I am working on a large fortran code and before to compile with fast options (in order to perform test on large database), I usually compile with "warnings" options in order to detect and backtrace all the problems.
So with the gfortran -fbacktrace -ffpe-trap=invalid,zero,overflow,underflow -Wall -fcheck=all -ftrapv -g2
compilation, I get the following error:
Program received signal SIGFPE: Floating-point exception - erroneous arithmetic operation.
Backtrace for this error:
#0 0x7fec64cdfef7 in ???
#1 0x7fec64cdf12d in ???
#2 0x7fec6440e4af in ???
#3 0x7fec64a200b4 in ???
#4 0x7fec649dc5ce in ???
#5 0x4cf93a in __f_mod_MOD
at /f_mod.f90:132
#6 0x407d55 in main_loop_
at main.f90:419
#7 0x40cf5c in main_prog
at main.f90:180
#8 0x40d5d3 in main
at main.f90:68
And the portion of the code f_mod.f90:132 is containing a where loop:
! Compute s parameter
do i = 1, Imax
where (dprim .ne. 1.0)
s(:,:,:, :) = s(:,:,:, :) +vprim(:,:,:, i,:)*dprim(:,:,:, :)*dprim(:,:,:, :)/(1.0 -dprim(:,:,:, :))
endwhere
enddo
But I do not see any mistake here. All the other locations are the calls of the subroutine leading to this part. And of course, since it is a SIGFPE error, I have to problem at the execution when I compile gfortran -g1
. (I use gfortran 6.4.0 on linux)
Moreover, this error appears and disappears with the modifications of completely different part of the code. Thus, the problem comes from this where loop ? Or from somewhere else and the backtrace is wrong ? If it is the case how can I find this mistake?
EDIT:
Since, I can not reproduce this error in a minimal example (they are working), I think that the problem comes for somewhere else. But how to find the problem in a large code ?

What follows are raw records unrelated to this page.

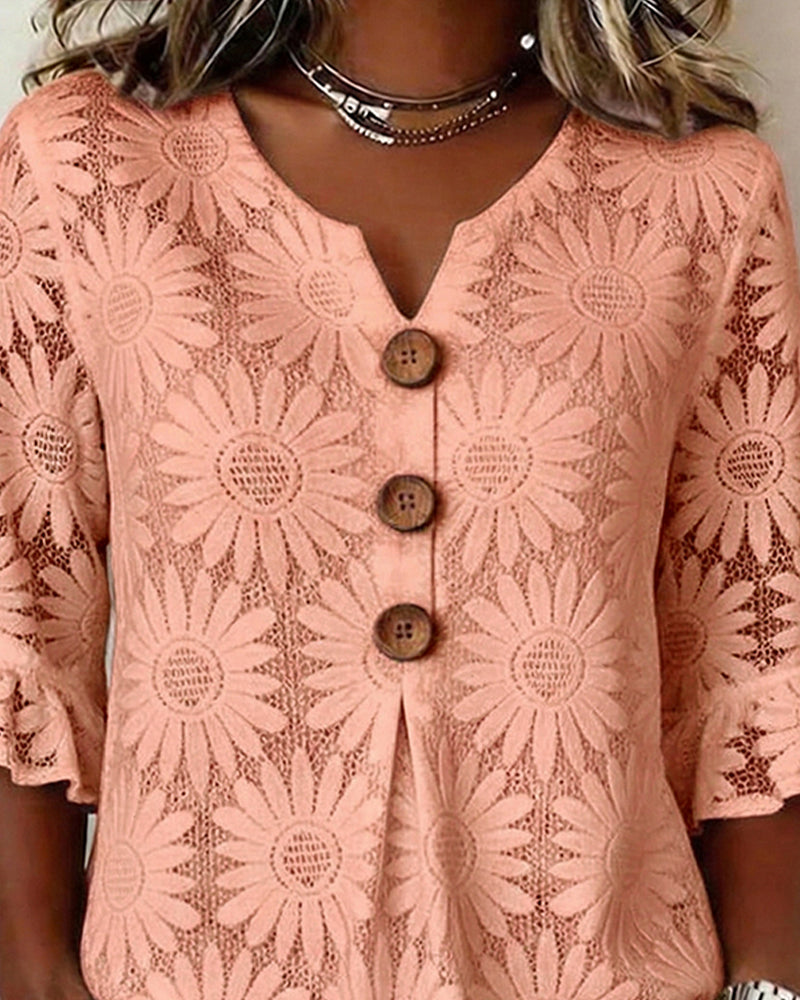 FLORÉA™ | Elegante Bluse mit Rüschen und raffiniertem Blumenmuster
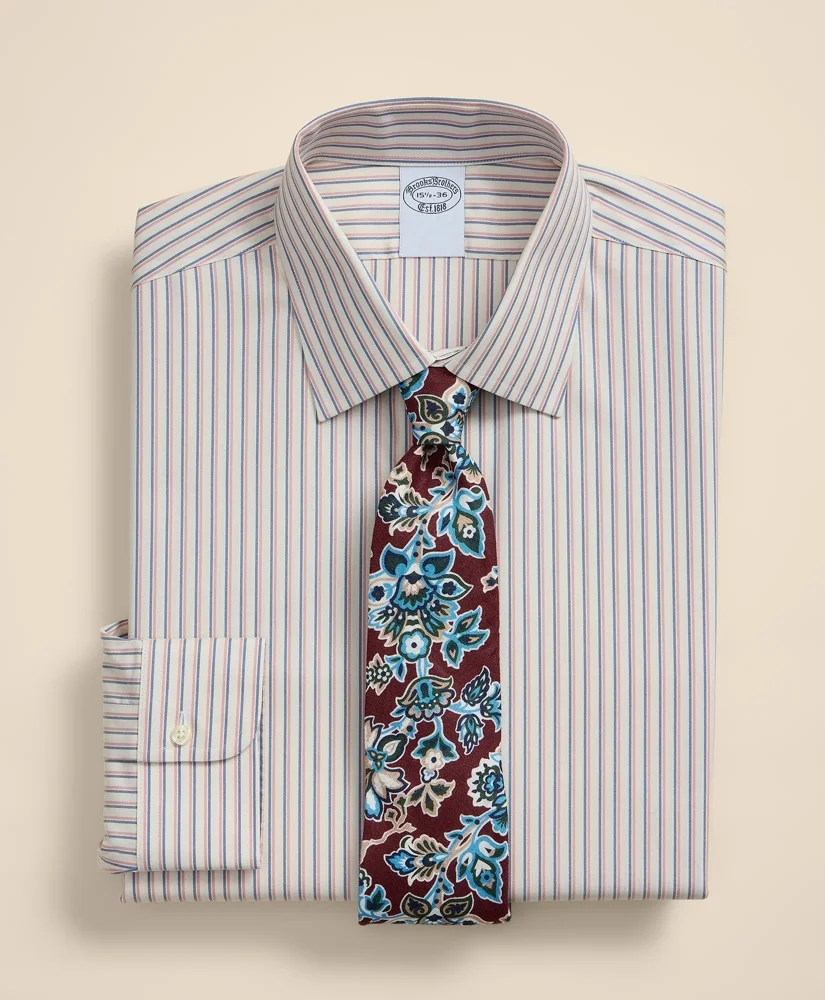 Supima® Cotton Non-Iron Pinpoint Oxford Ainsley Collar, Stripe Dress Shirt - 1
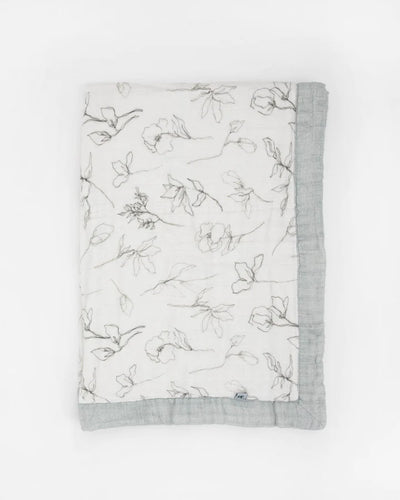 ORGANIC COTTON MUSLIN BABY QUILT - PENCIL FLORAL
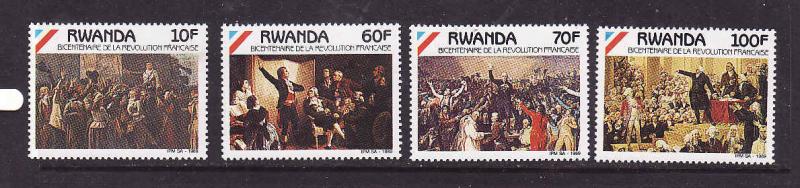 Rwanda-Sc#1342-5-unused NH set-Paintings of the French Revolution-1990-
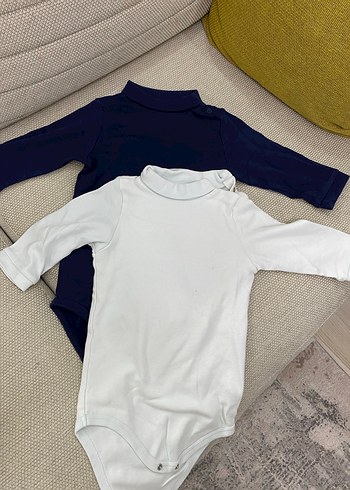 Bebek Uzun Kollu Boğazlı Pamuk Body 2li - Görsel 2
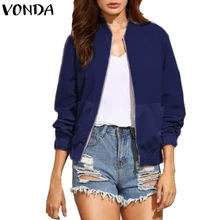 VONDA, осенне-Весенняя женская куртка, куртка-бомбер со стоячим воротником, с длинным рукавом, на молнии, Лоскутная, с карманами, верхняя одежда, приталенная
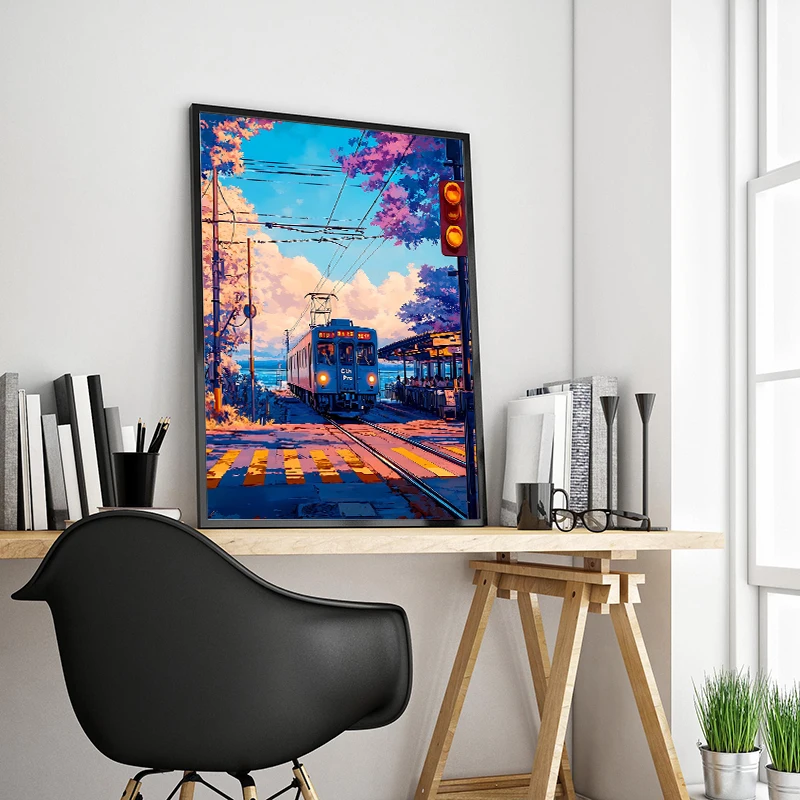 انمي ياباني قطار الترام سحابة شارع المحيط عرض المشهد المشارك يطبع حائط لوح رسم صورة فنية لغرفة ديكور المنزل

As the code is dying with a SIGFPE, use each of the individual possible traps to learn if it is a FE_DIVBYZERO, FE_INVALID, FE_OVERFLOW, or FE_UNDERFLOW. If it is an underflow, change your mask to '1 - dprim .ne. 0'.
PS: Don't use array section notation when a whole array reference can be used instead.
PPS: You may want to compute dprim*drpim / (1 - dprim) outside of the do-loop as it is loop invariant.